DESCRIPTION OF THE TASK:
Please reproduce the lines of the records below from the one holding "RELEANY Washable Runner" through the one holding "Sữa rửa mặt", inclusive, skipping all pictures.

TASK INPUT:
╔══

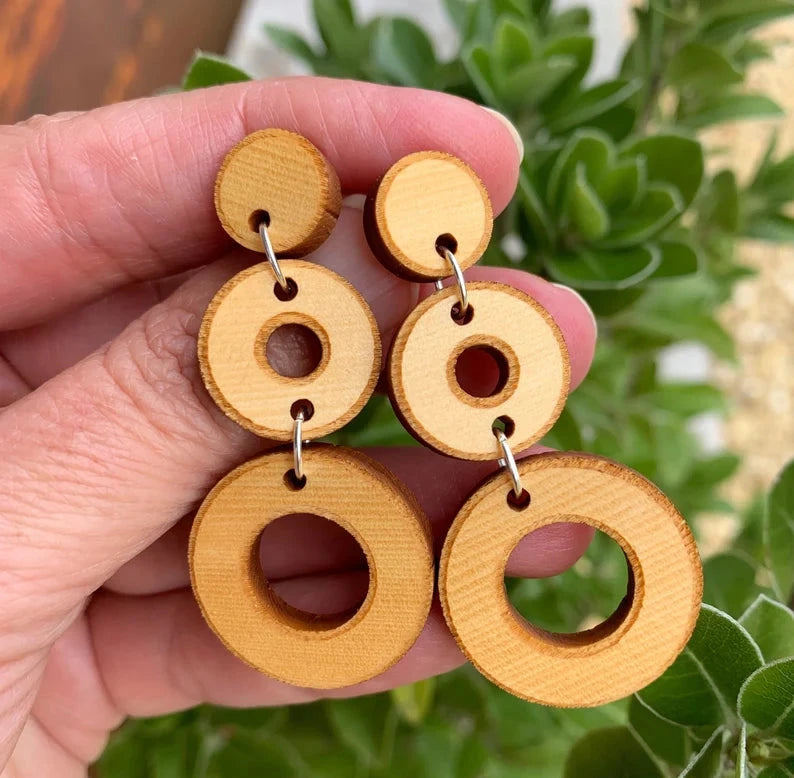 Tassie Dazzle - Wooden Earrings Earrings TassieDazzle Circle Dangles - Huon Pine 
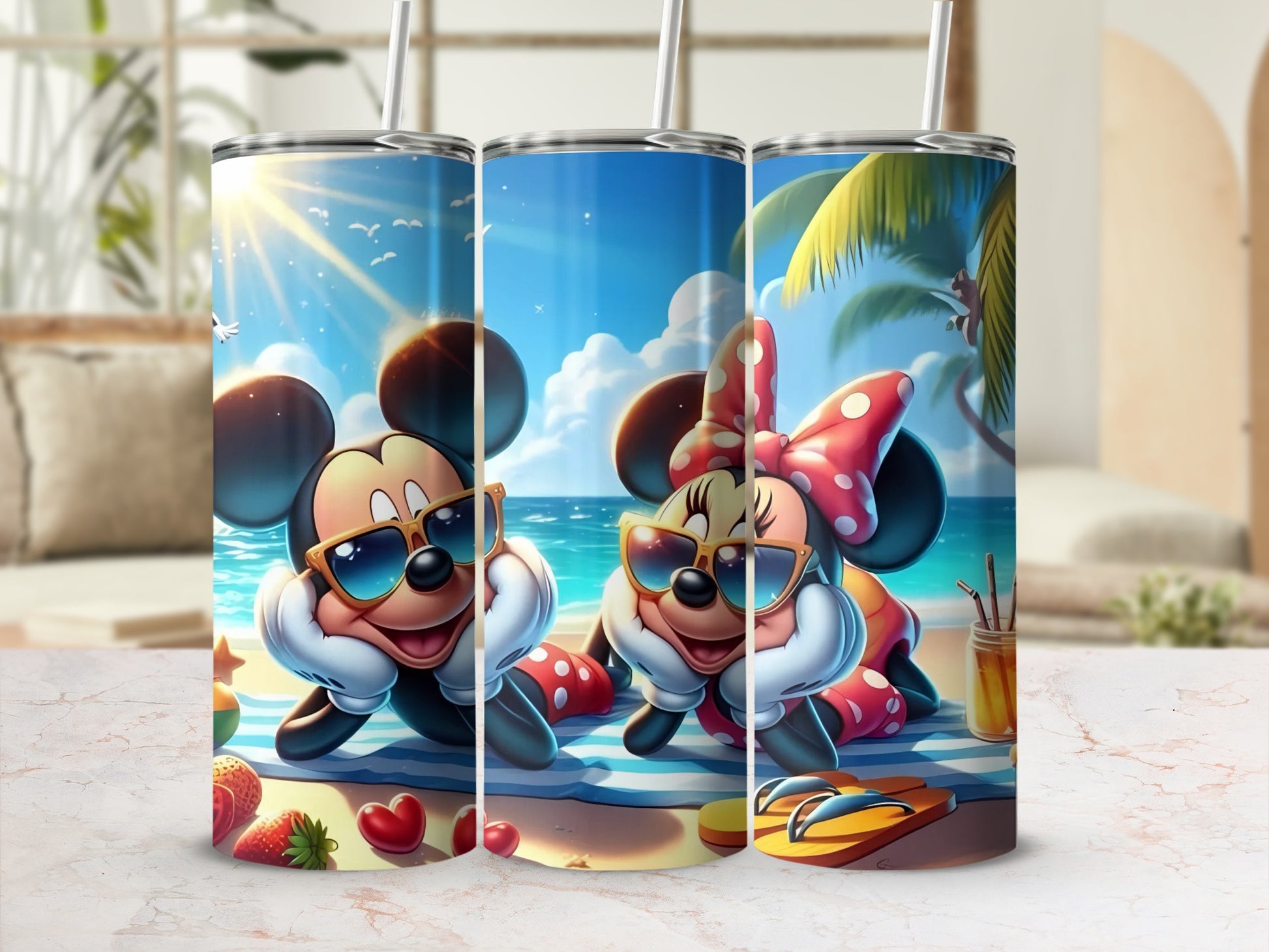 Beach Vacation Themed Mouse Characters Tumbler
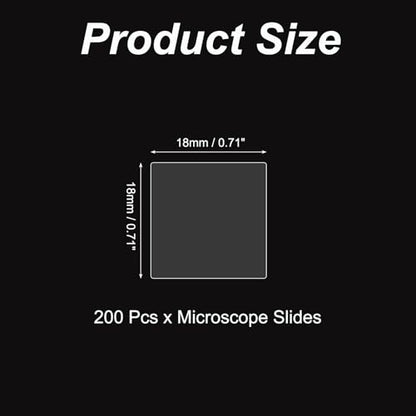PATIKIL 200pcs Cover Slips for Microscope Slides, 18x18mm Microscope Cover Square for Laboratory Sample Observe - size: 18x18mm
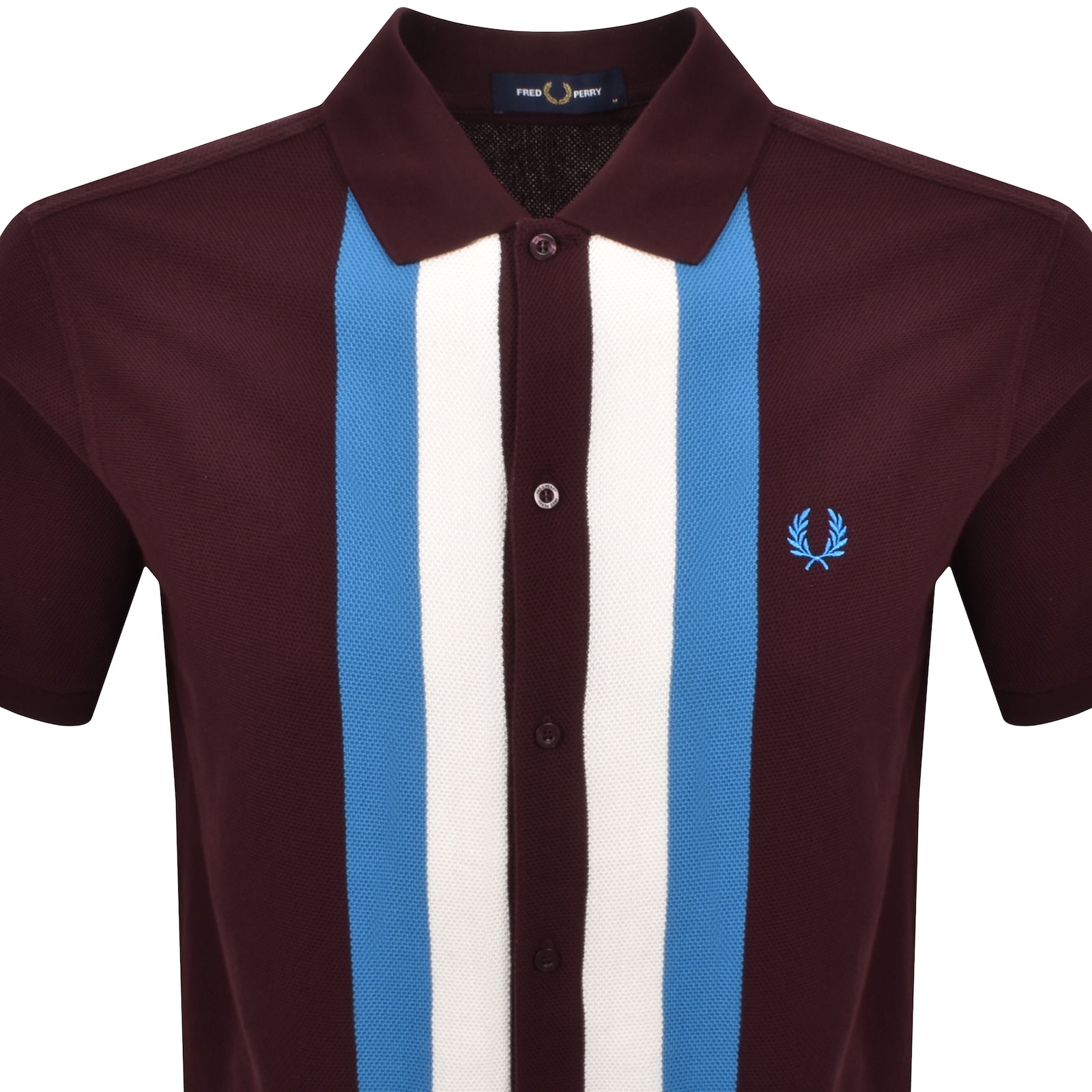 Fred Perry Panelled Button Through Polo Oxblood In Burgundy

╚══
╔══

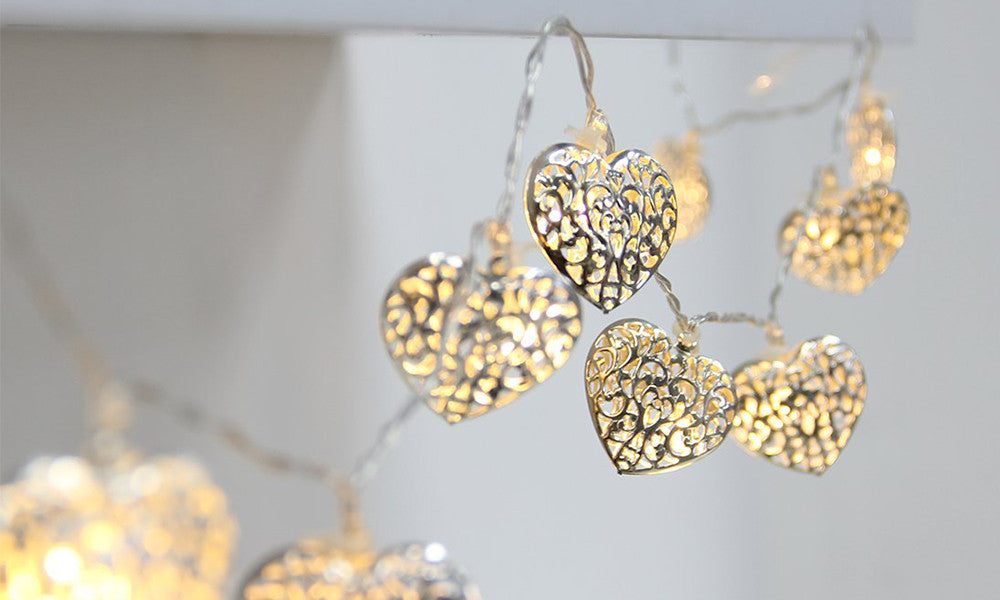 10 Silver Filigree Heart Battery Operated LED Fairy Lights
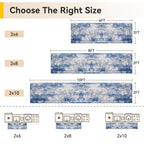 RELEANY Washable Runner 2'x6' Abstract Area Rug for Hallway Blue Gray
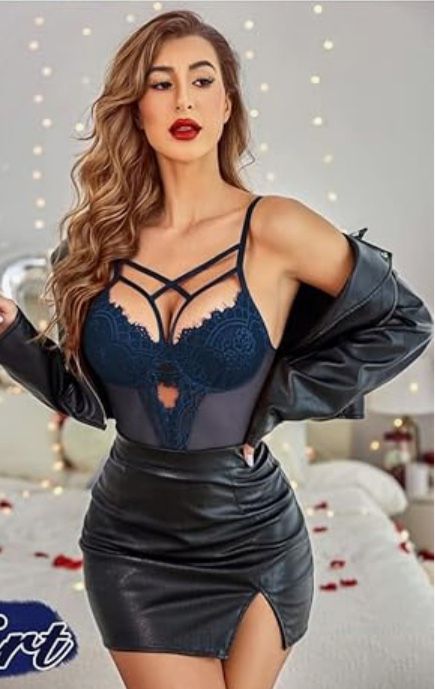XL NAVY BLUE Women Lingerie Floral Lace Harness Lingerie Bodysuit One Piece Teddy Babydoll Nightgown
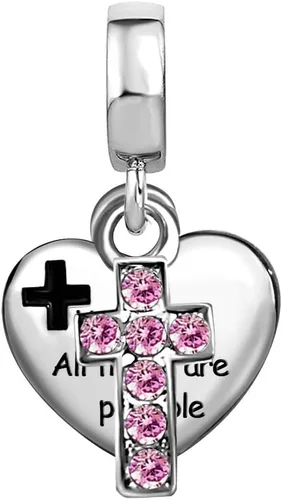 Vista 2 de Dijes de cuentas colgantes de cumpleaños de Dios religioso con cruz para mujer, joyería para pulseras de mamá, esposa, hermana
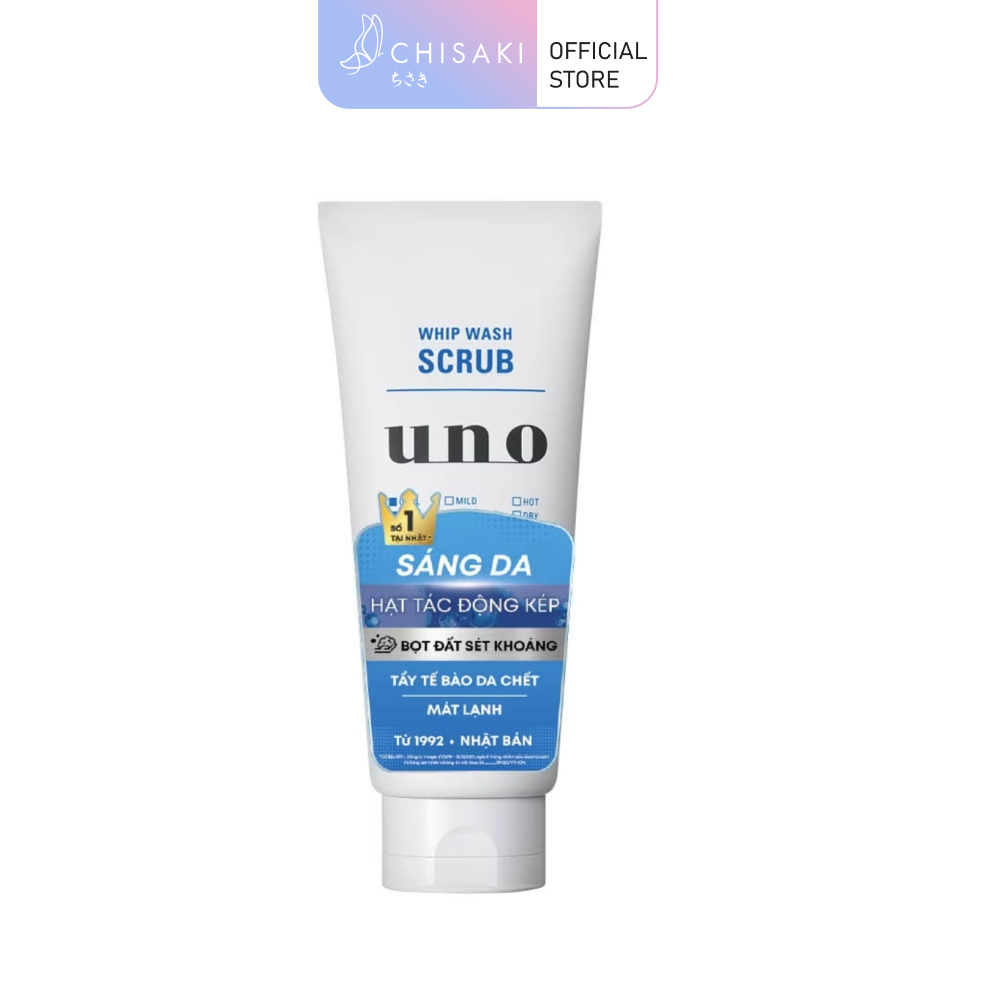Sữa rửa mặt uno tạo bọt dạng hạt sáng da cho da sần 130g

╚══

COMPLETED TASK:
 RELEANY Washable Runner 2'x6' Abstract Area Rug for Hallway Blue Gray
XL NAVY BLUE Women Lingerie Floral Lace Harness Lingerie Bodysuit One Piece Teddy Babydoll Nightgown
 Vista 2 de Dijes de cuentas colgantes de cumpleaños de Dios religioso con cruz para mujer, joyería para pulseras de mamá, esposa, hermana
Sữa rửa mặt uno tạo bọt dạng hạt sáng da cho da sần 130g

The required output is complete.